In case you haven’t heard these pronouncements, the first is based on the belief that everything is increasingly digital (so digital disappears), the second on the fact that PC’s are getting smashed by phones and tablets (in terms of shipments and sales), and the third on the realisation that social media and the Internet are not actually separate things (go figure).

However, his conclusion to his article, which first appeared in Adnews, is an odd one to me:

Well, we have work to do. We need to spend more time really understanding how digital technology will actually further integrate into physical life. We also need to spend time analysing what this change will create and not simply the buzzwords it may destroy.

But – isn't that the point of post-digital? It isn't about the death of digital – it's about the new things that arise when digital is so ubiquitous as to be unremarkable. I suspect Mr Hourahine has been a little too influenced by the empty buzzword merchants.

There are plenty of post-digital ideas to get excited by:

Driverless cars come ever closer, which could ease our transport issues – or make them worse.
Digital technology could be the bedrock for a revival of manufacturing in the UK:

That is a different kind of customer for UK manufacturing. It is a digitally-empowered one and to understand him/her, the industry has to adapt.

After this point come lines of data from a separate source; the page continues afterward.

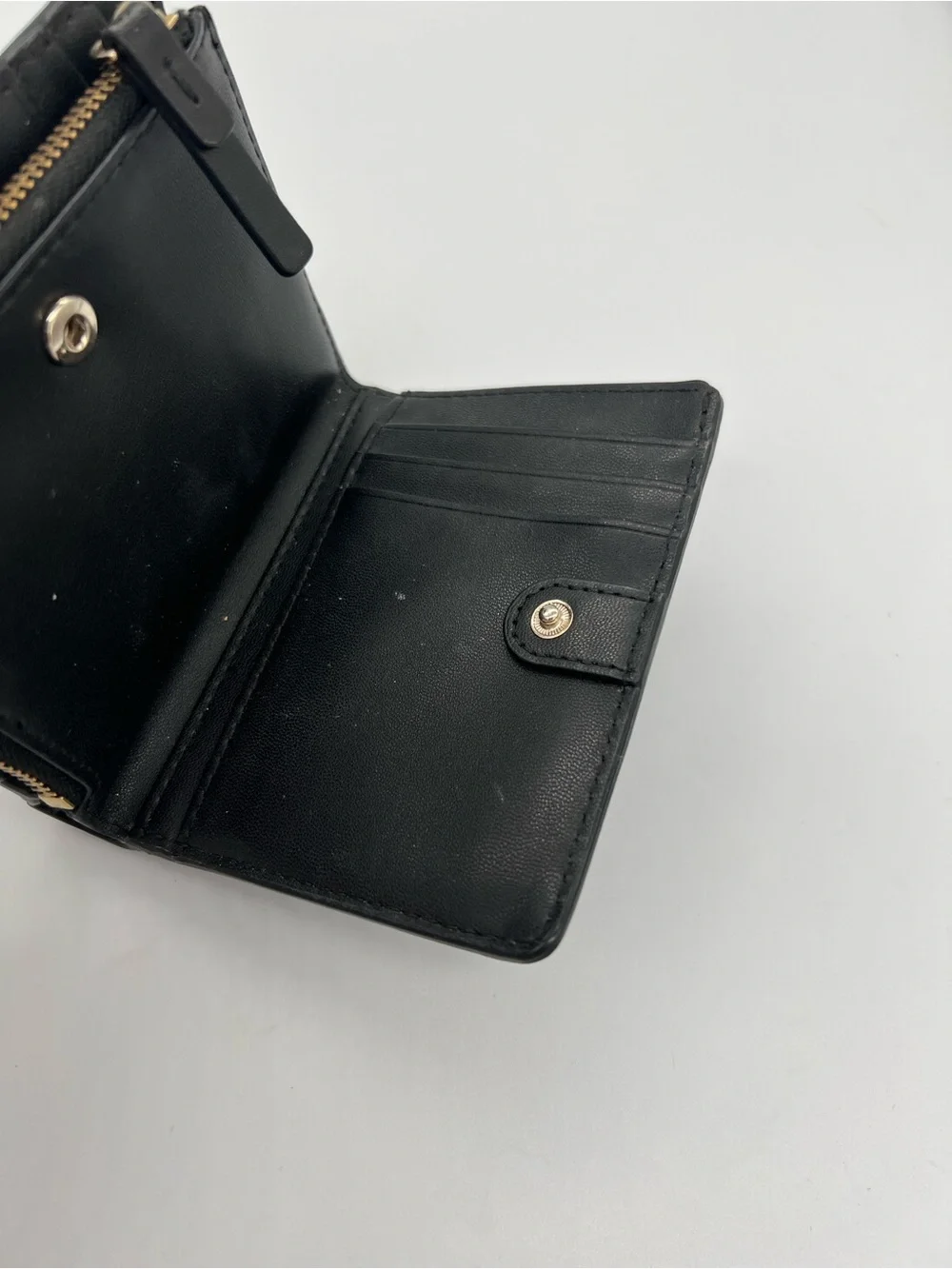 kate spade Black Pebbled Leather Zip Wallet with Gold Logo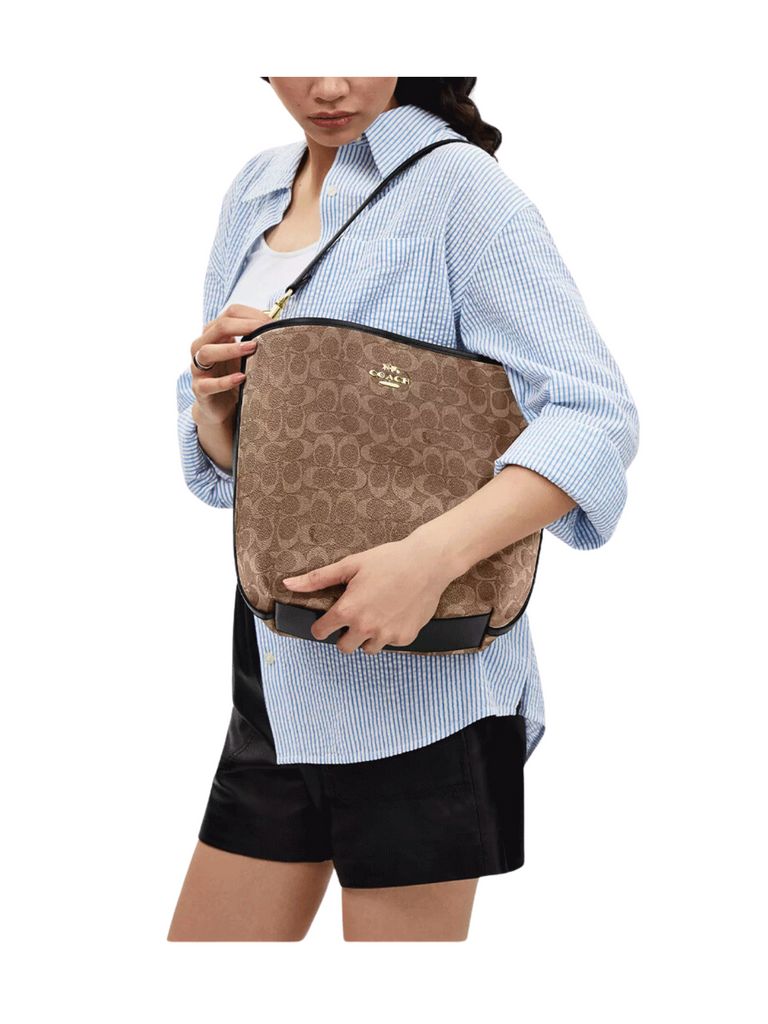 on-model-Coach-City-Large-Bucket-Bag-In-Signature-Canvas-Tan-Black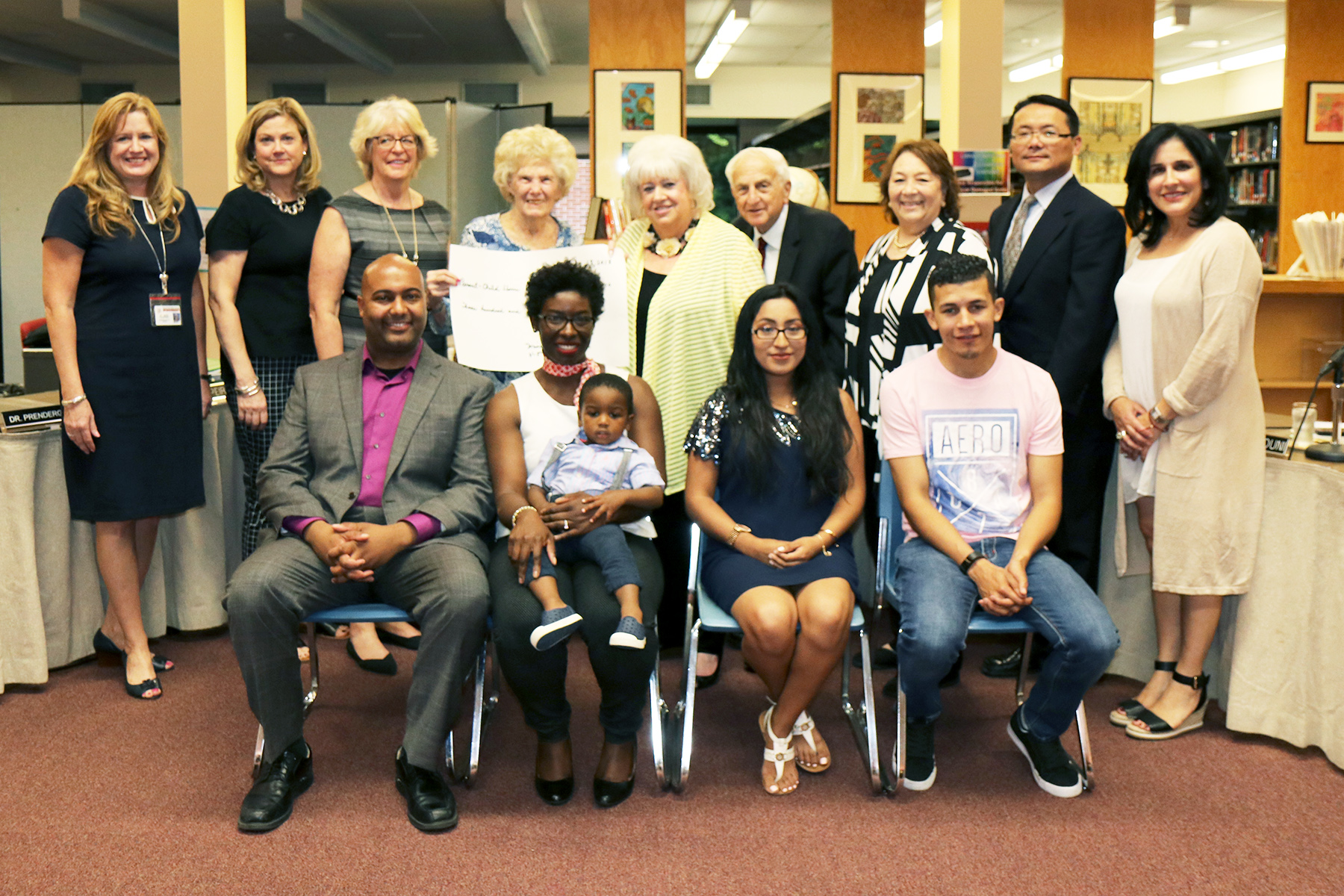 School administrators and board trustees joined PCHP lead teacher Suzanne Belmont, Program Coordinator Regina Farinaccio, and Miriam Chatinover of the NCJW, as well as families who benefitted from the program. (Photo courtesy of the Great Neck Public Schools)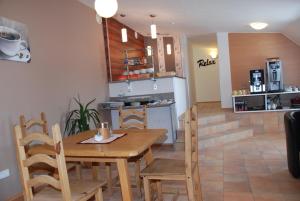 Wimpassing移动客房酒店的厨房以及带木桌和椅子的用餐室。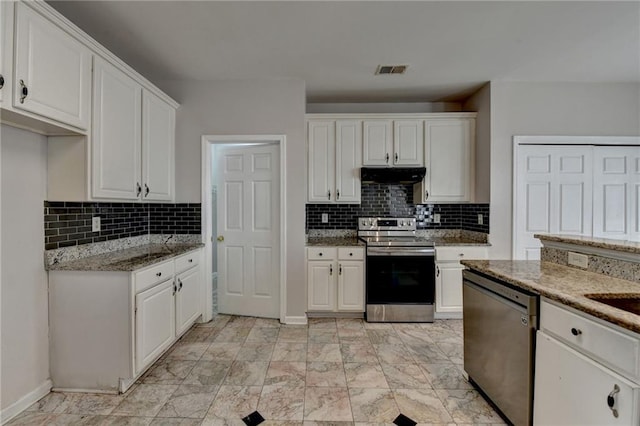 kitchen featuring under cabinet range hood, white cabinetry, visible vents, appliances with stainless steel finishes, and light stone countertops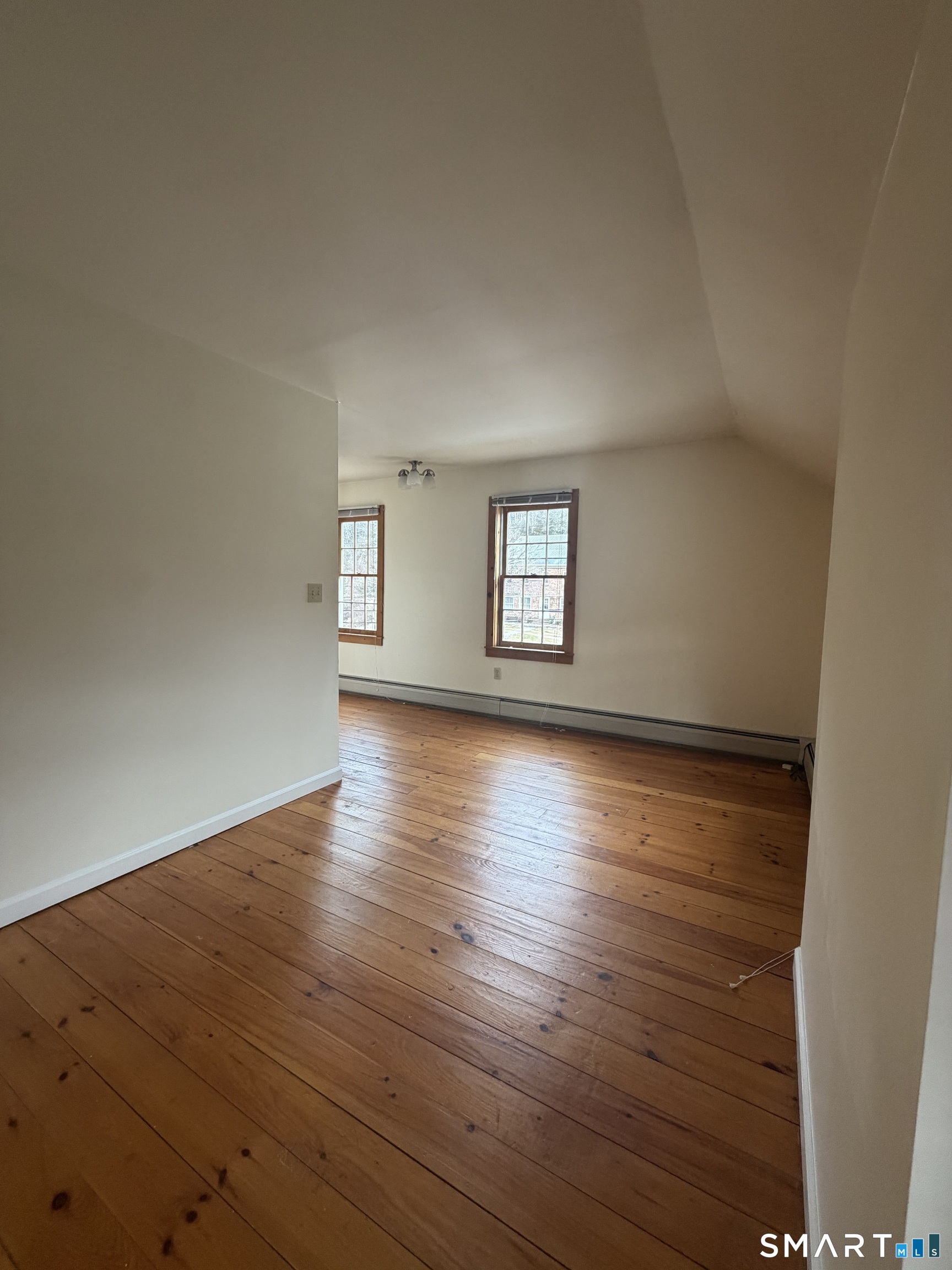 43 Dublin Road Canaan, CT 06031 - Photo 2 of 11 an empty room with wooden floor and windows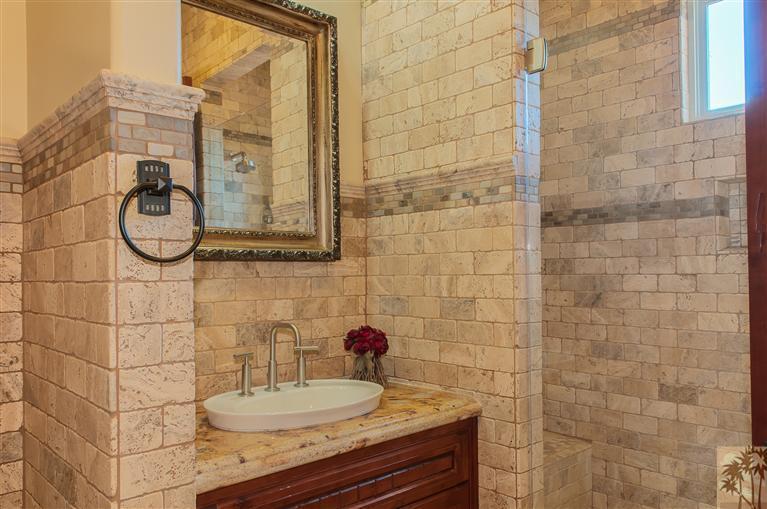 70551 Sunny Lane Rancho Mirage, CA 92270 - Photo 25 of 35 a bathroom with a sink and a mirror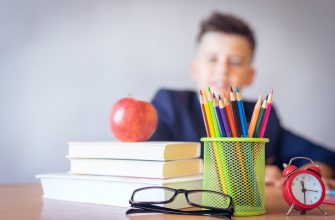 boy looking on a tidied desk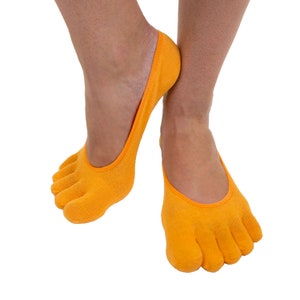 Puede incluir: Un par de calcetines de dedos de color naranja con un diseño sin costuras. Los calcetines están hechos de un material suave y elástico y son perfectos para usar con zapatos de corte bajo.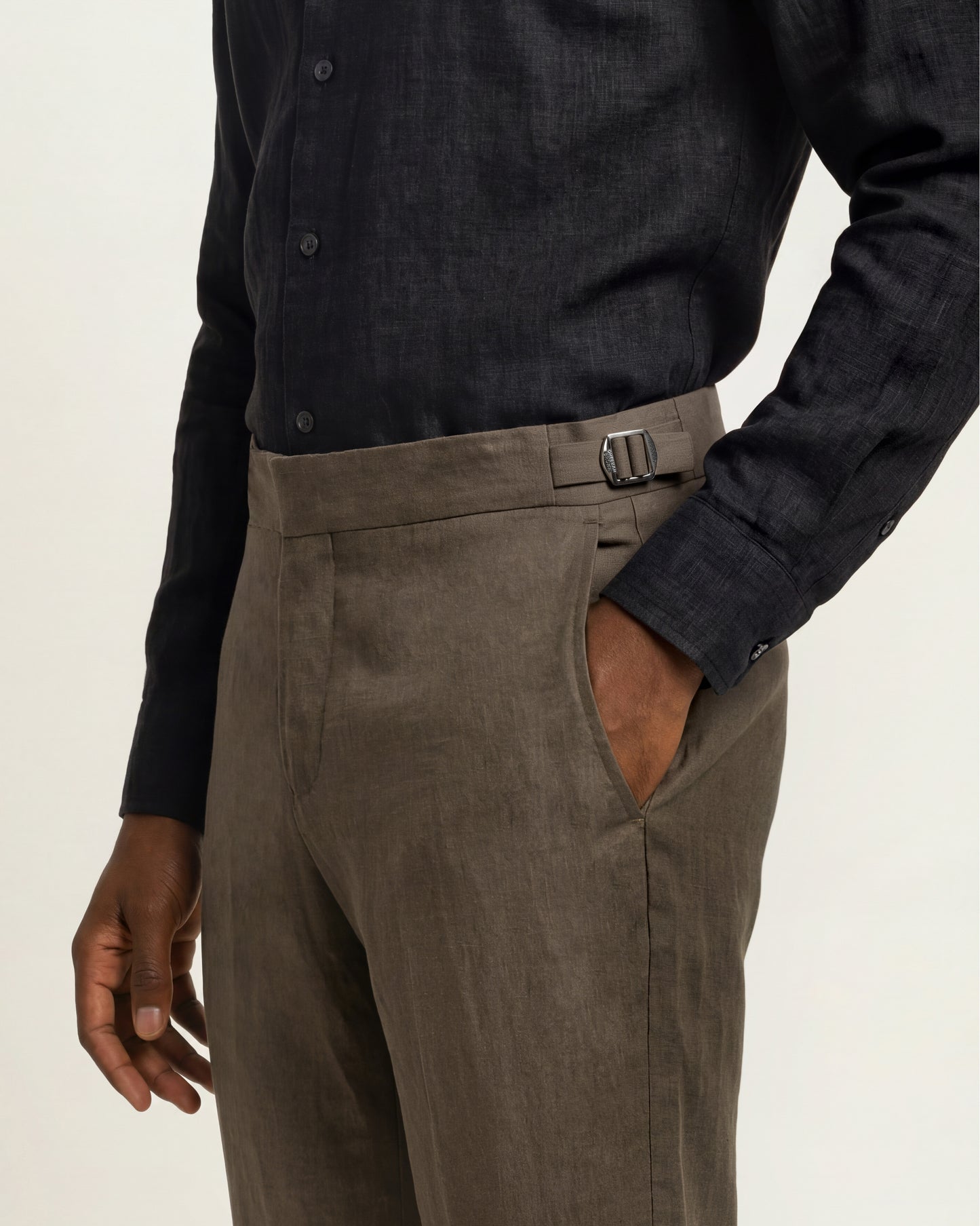 Close-up of a person wearing tailored trousers in a muted taupe-brown tone with a matching belt, paired with a dark charcoal button-up shirt, against a plain light background.
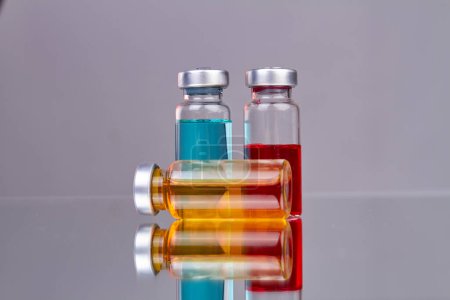 Foto de Colección de frascos de vidrio con medicamentos coloreados. Superficie reflectante con fondo gris. - Imagen libre de derechos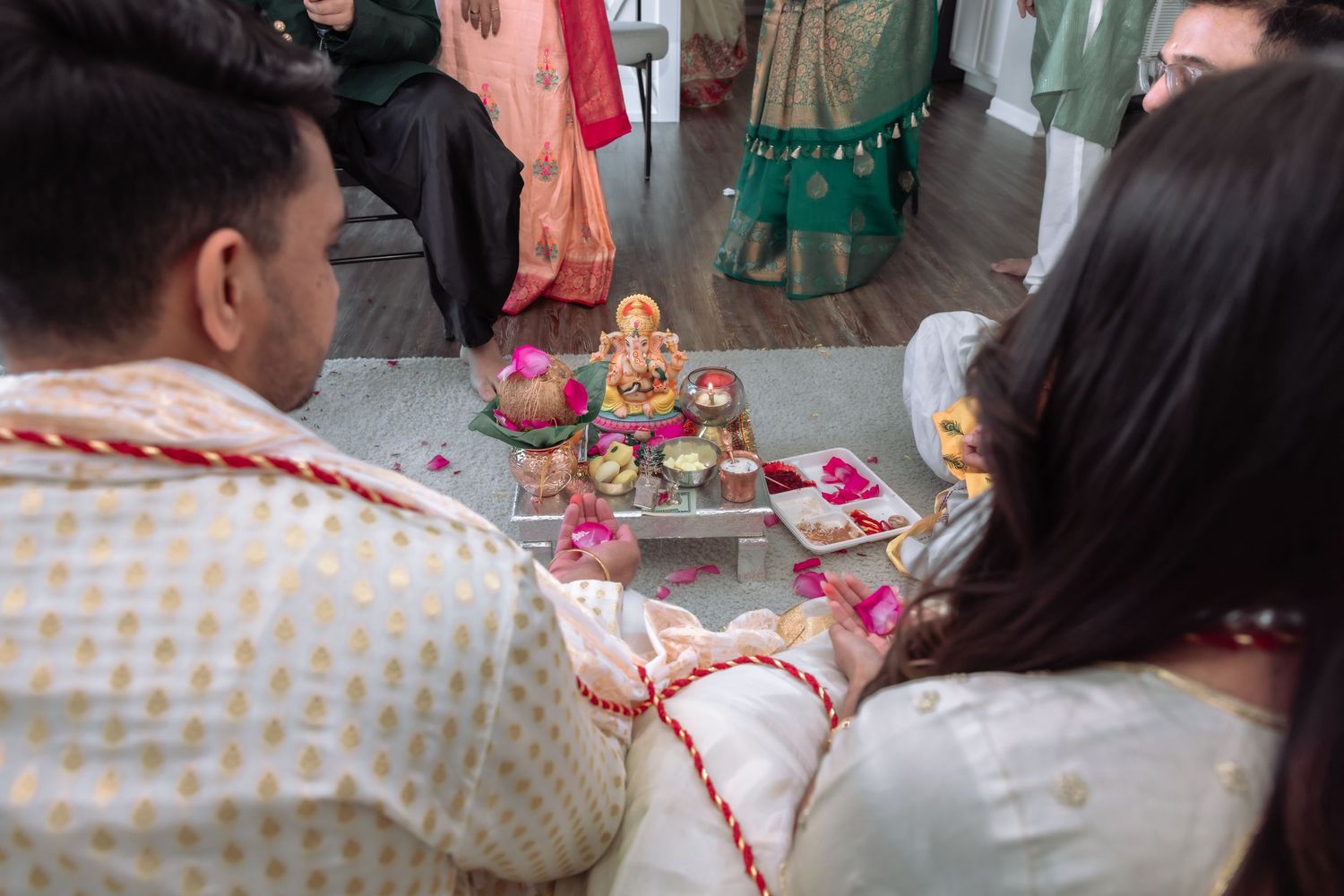 Indian wedding couple performing Ganesh puja ritual with sacred items and red thread during Hindu ceremony.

Once that customer has a product they are happy with, they will look for funding through Kickstarter or sell their product online through Etsy or Folsky. (Most of these digital services were not developed in the UK, I hasten to add.)

Social media should move beyond being a tool of the marketing department and start to transform businesses.

Perhaps, indeed, companies should evolve to the point where they're a network of projects:

A project is exactly this: a network of interdependencies created to achieve a precise goal in a well-defined time frame . A project is a system with a precise duration. A company viewed as a system is therefore a network of projects, and the orderly creation and timely completion of these projects should accomplish the stated goal of the network.

But art is leading the way here. Melanie Bender pointed me at the Speed Book where Aram Bartholl collapses digital ideas into physical space with startling results.

I think there's plenty of evidence there that post-digital is the beginning of something, not the end of it, don't you?